(THE INPUT begins)
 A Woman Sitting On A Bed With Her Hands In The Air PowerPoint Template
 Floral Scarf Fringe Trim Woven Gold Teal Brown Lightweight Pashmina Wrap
(THE INPUT ends)
(THE INPUT begins)
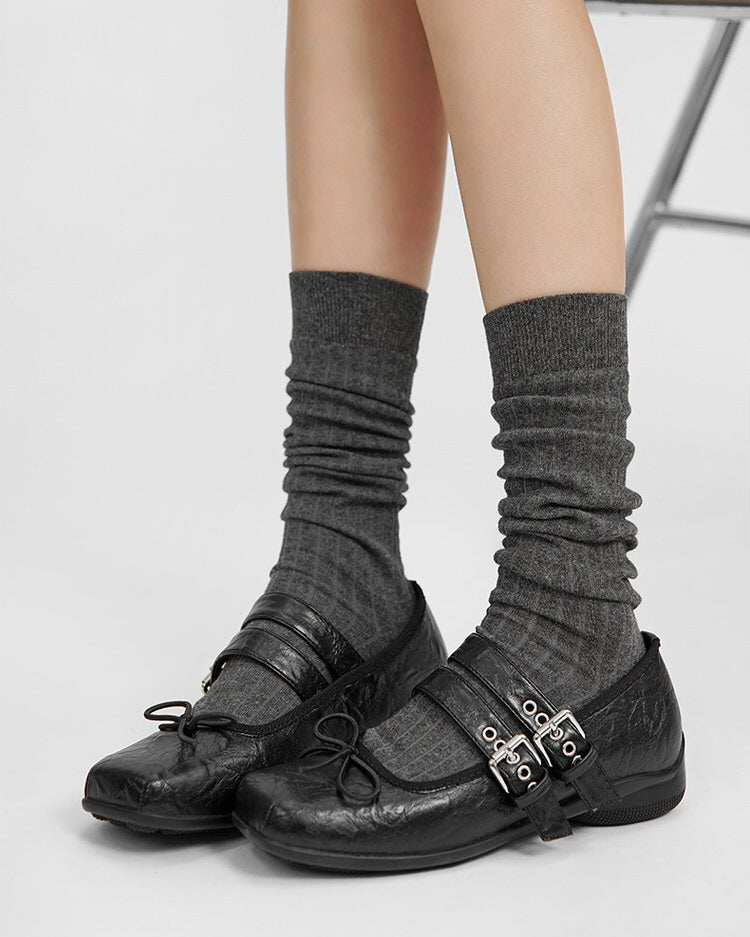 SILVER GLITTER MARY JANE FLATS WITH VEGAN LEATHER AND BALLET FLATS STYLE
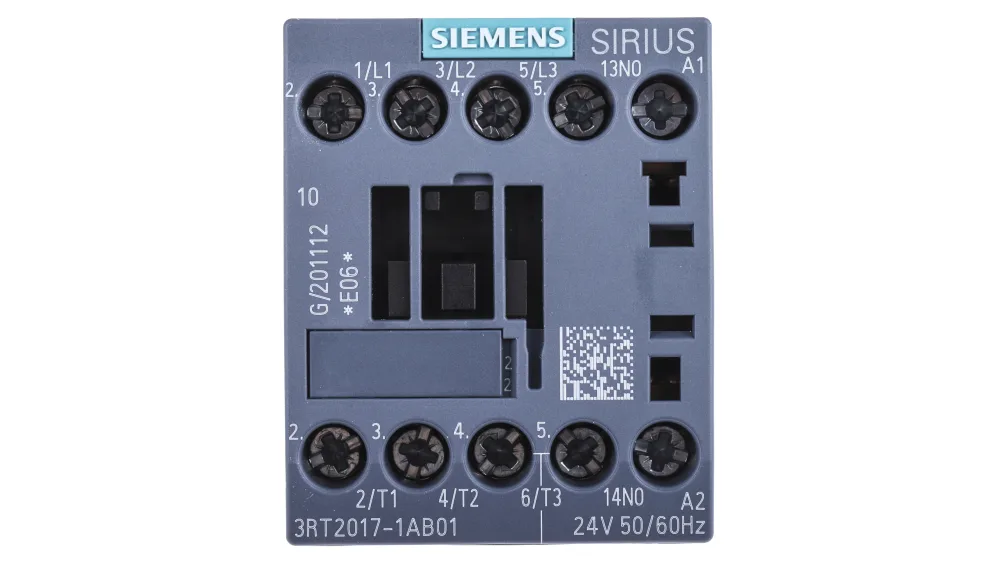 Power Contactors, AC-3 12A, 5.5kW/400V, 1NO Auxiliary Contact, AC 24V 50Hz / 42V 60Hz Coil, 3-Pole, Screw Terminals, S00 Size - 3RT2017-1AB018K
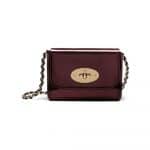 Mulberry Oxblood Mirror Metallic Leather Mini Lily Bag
(THE INPUT ends)
Reproduce the lines of the entries above from the one with "A Woman Sitting" to the one with "Floral Scarf Fringe", both included, exactly and without any other line.

 A Woman Sitting On A Bed With Her Hands In The Air PowerPoint Template
 Floral Scarf Fringe Trim Woven Gold Teal Brown Lightweight Pashmina Wrap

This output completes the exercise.